Return only the lines of the data below from the line with "How many of" up to and including the line with "We're back covering", exactly as written, with the pictures omitted.

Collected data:
########
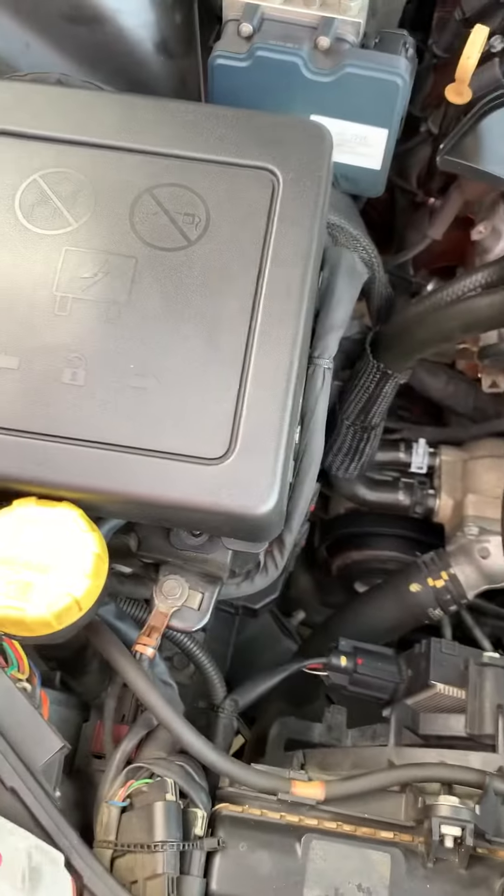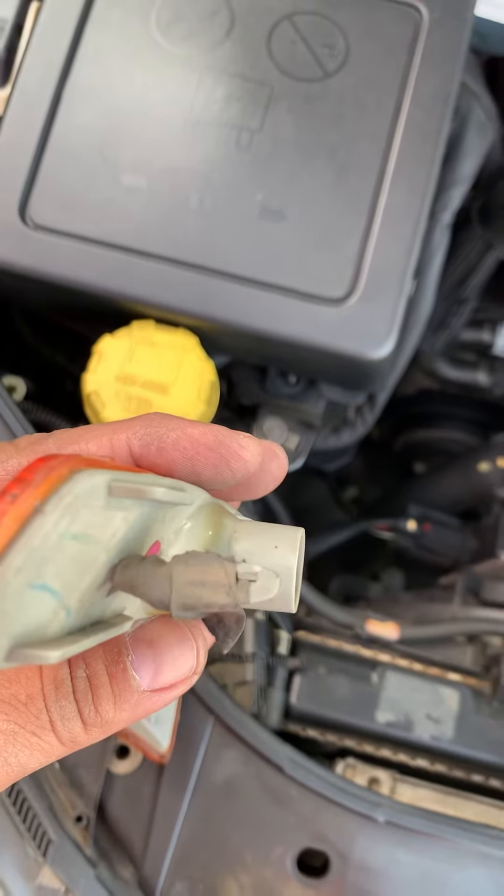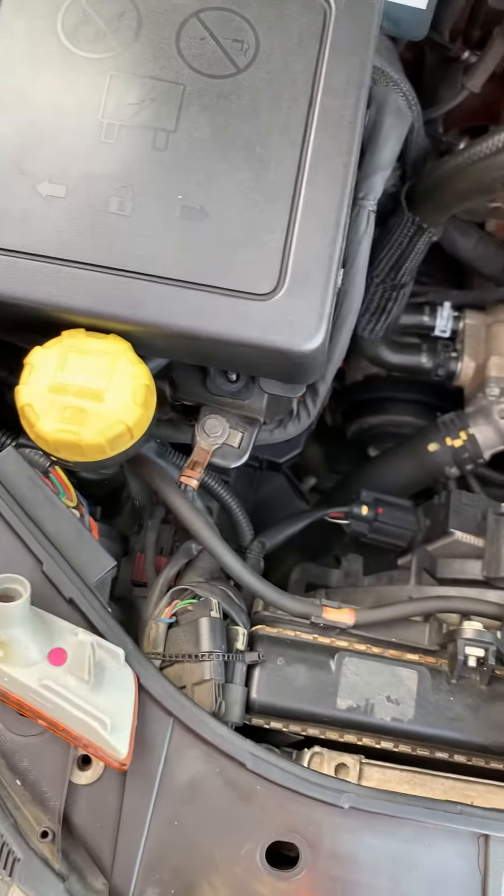But come to find out, it was already broken. Somebody tried to use some tape to make it work.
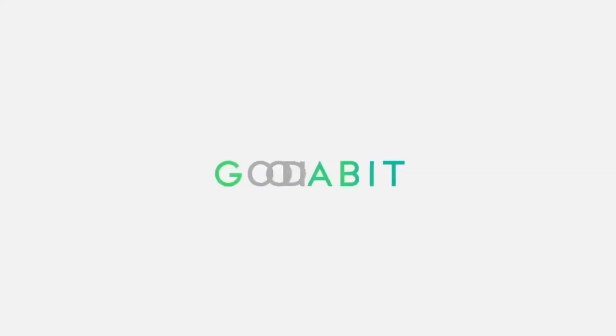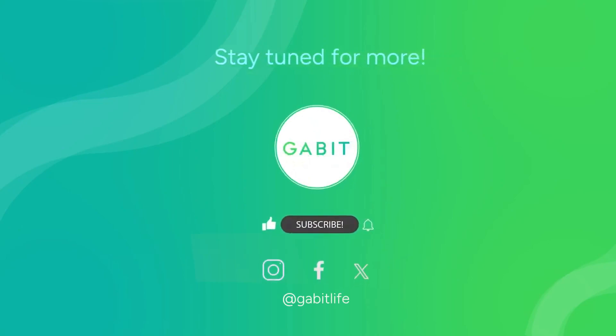How many of these did you know? Tell us in the comments. I'll see you next time.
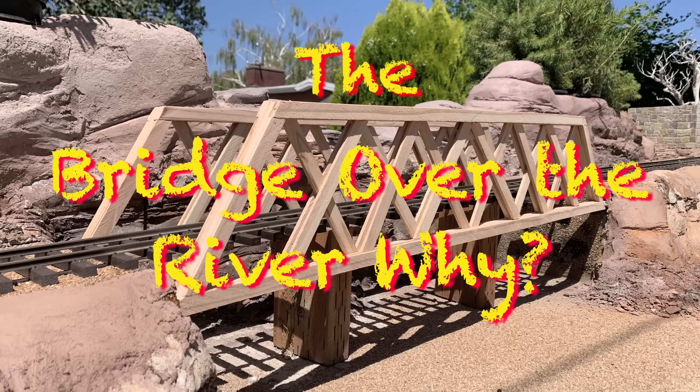We're back covering what we introduced last week - we're calling it the Bridge over the River Y. There is no river there, which is why the name is a bit puzzling, but we'll figure it out as we go. The project we're working on isn't just the bridge over the river Y - it's the whole north end of the railroad.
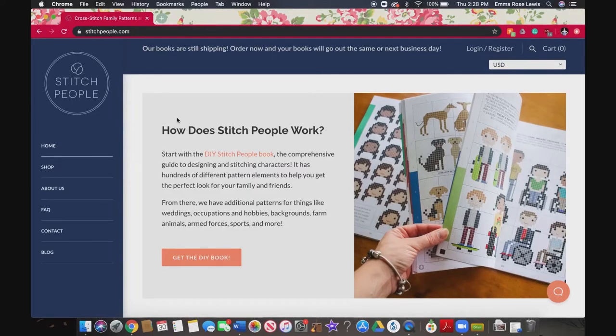She began making the portraits herself, but found people wanting to learn and create their own portraits. So in 2014, we wrote the book Do-It-Yourself Stitch People, and now we focus on providing all the patterns that people need to cross-stitch their very own cross-stitch family portraits.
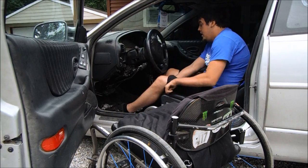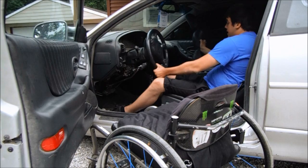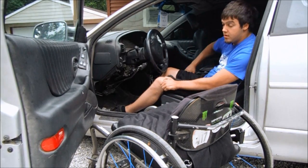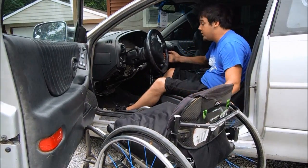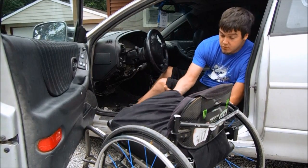I get adjusted in my seat, and I keep my driver's seat leaned back — I don't drive with it leaned back like that, so it gives me the room I need to take my chair, disassemble my chair, and get it through. I'll push the passenger seat all the way forward and start disassembling my chair.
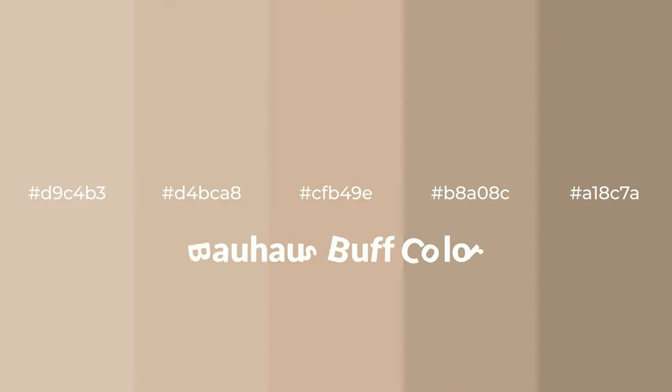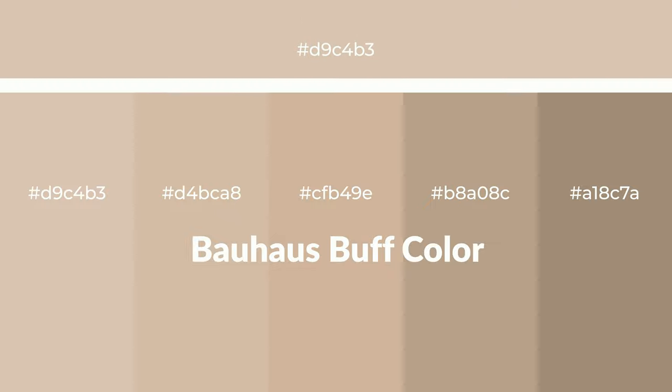Warm shades of Bauhaus buff — a color with a brown hue for your next project. To generate tints of a color, we add white to the color. Tints create light and exquisite emotions. To generate shades of a color, we add black to the color. Shades are used in patterns, 3D effects, and layers, and they create depth and drama.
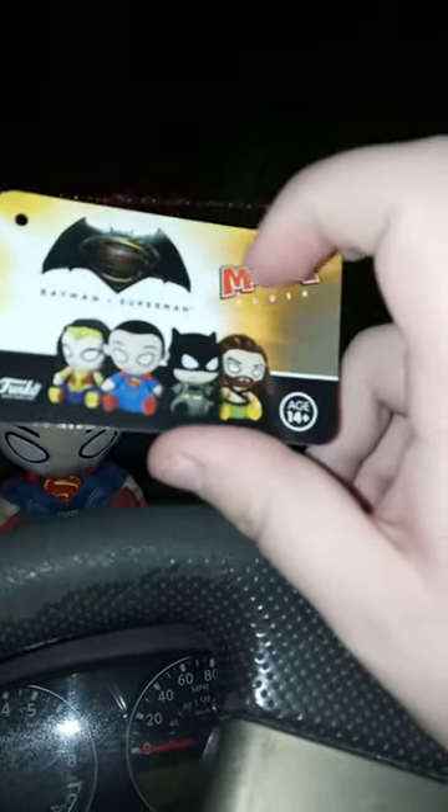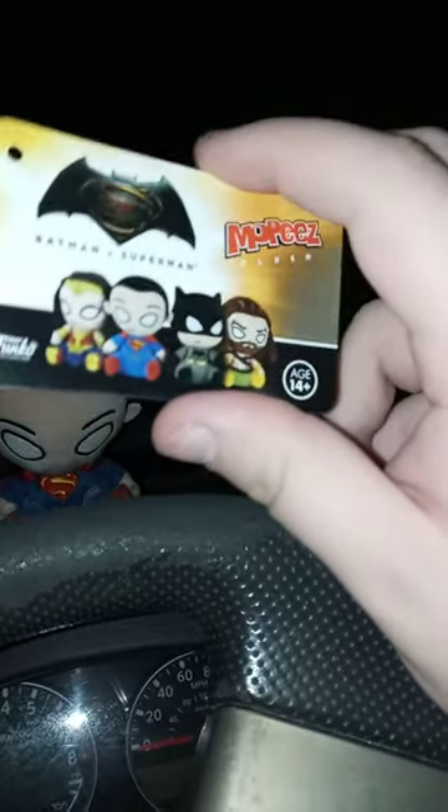Here's the little Mopees plush tag and the Batman vs. Superman tag. Yes, this was actually promoting Batman vs. Superman a couple of years back. Some people did not like that movie — I actually liked it. I saw it in theaters when I was 13.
########
== Result of this task ==
How many of these did you know? Tell us in the comments. I'll see you next time.
We're back covering what we introduced last week - we're calling it the Bridge over the River Y. There is no river there, which is why the name is a bit puzzling, but we'll figure it out as we go. The project we're working on isn't just the bridge over the river Y - it's the whole north end of the railroad.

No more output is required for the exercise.